The task: Keep the images out while you retype all of the data exactly.

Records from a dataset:
• • • • • • •
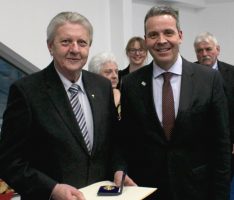 Walter Müller erhält Stadtmedaille in Gold – 40 Jahre im Vorstand der Sozialstation
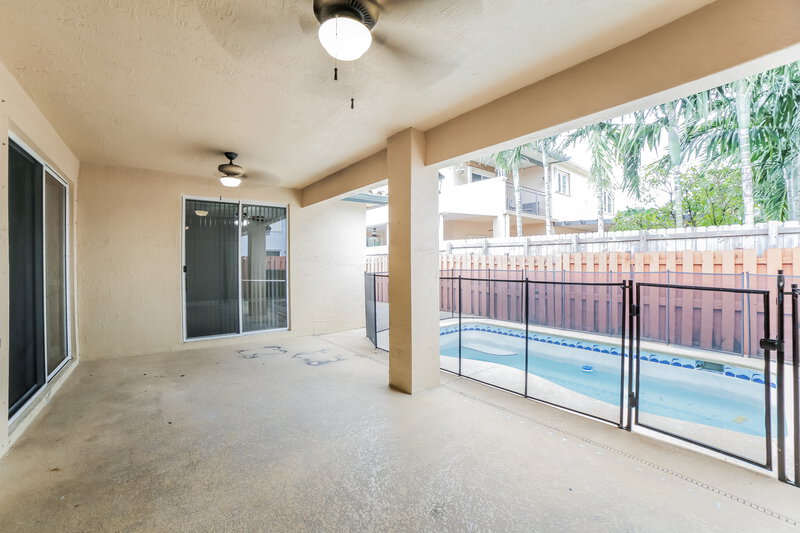 3,690/Mo, 4000 SW 152nd Pl Miami, FL 33185 Covered Patio View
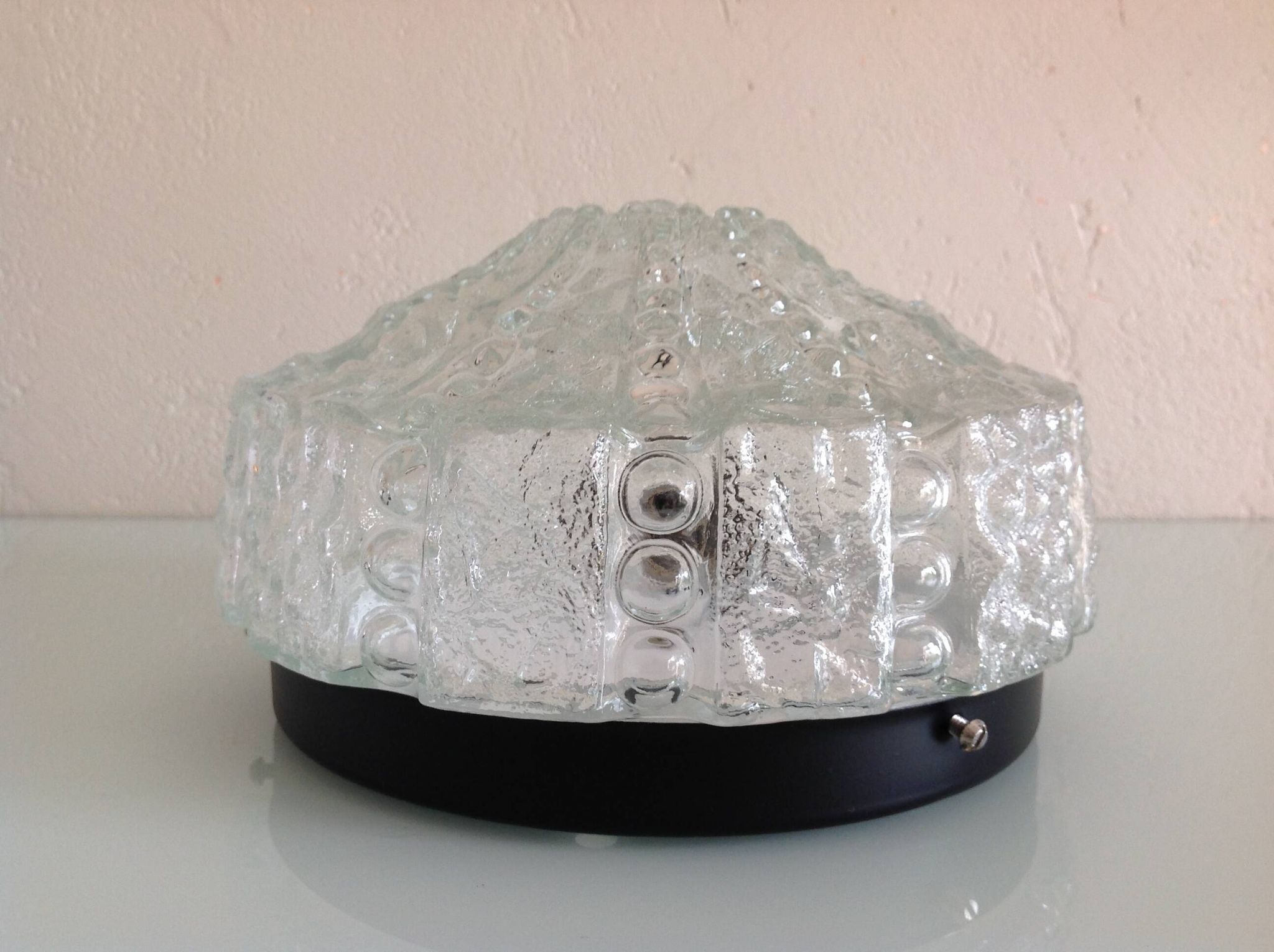 Plafonnier rond en verre bullé  / vintage années 60-70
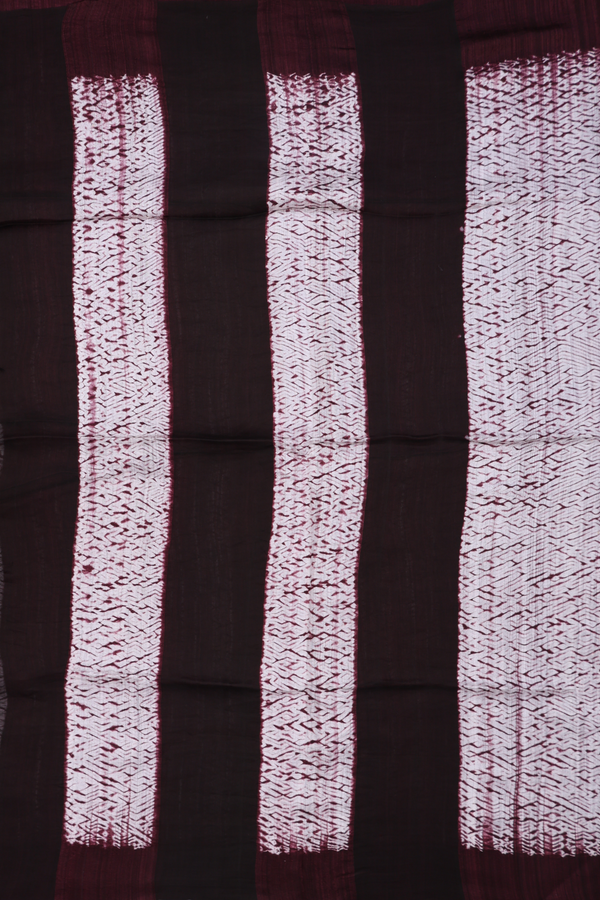 Bailu Silk Saree In White With Printed Design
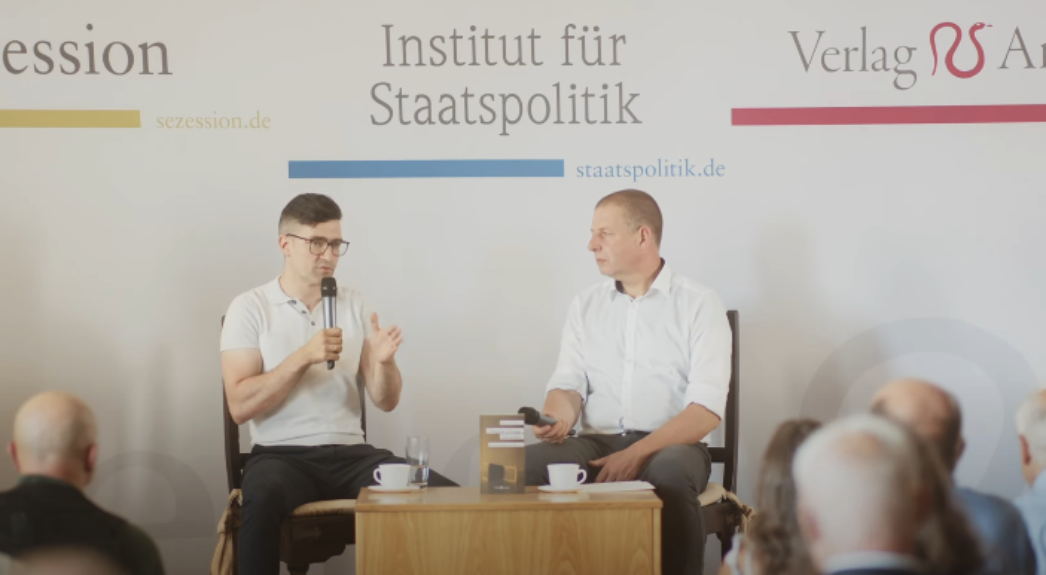 Martin Sellner (links) und Götz Kubitschek (rechts) bei der Präsentation des Buches "Regime Change von rechts" am 09.06.2023 in Schnellroda.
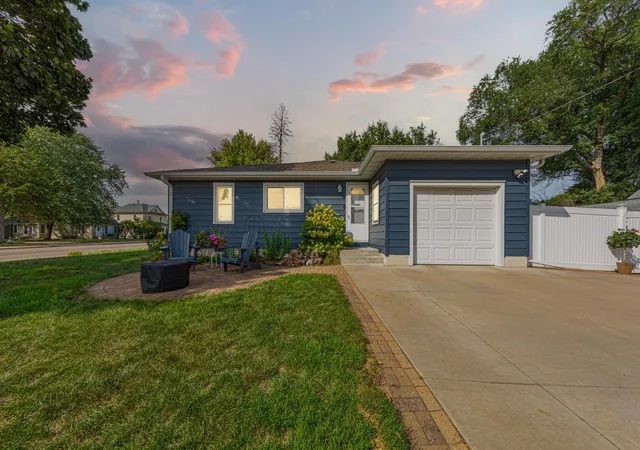 Photo 1 of Single family home for sale at 20580 Holyoke Ave, Lakeville, MN 55044 | MLS# 7137404 | Listing updated on 2026-09-15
• • • • • • •
Written reply:
 Walter Müller erhält Stadtmedaille in Gold – 40 Jahre im Vorstand der Sozialstation
 3,690/Mo, 4000 SW 152nd Pl Miami, FL 33185 Covered Patio View
 Plafonnier rond en verre bullé  / vintage années 60-70
 Bailu Silk Saree In White With Printed Design
 Martin Sellner (links) und Götz Kubitschek (rechts) bei der Präsentation des Buches "Regime Change von rechts" am 09.06.2023 in Schnellroda.
 Photo 1 of Single family home for sale at 20580 Holyoke Ave, Lakeville, MN 55044 | MLS# 7137404 | Listing updated on 2026-09-15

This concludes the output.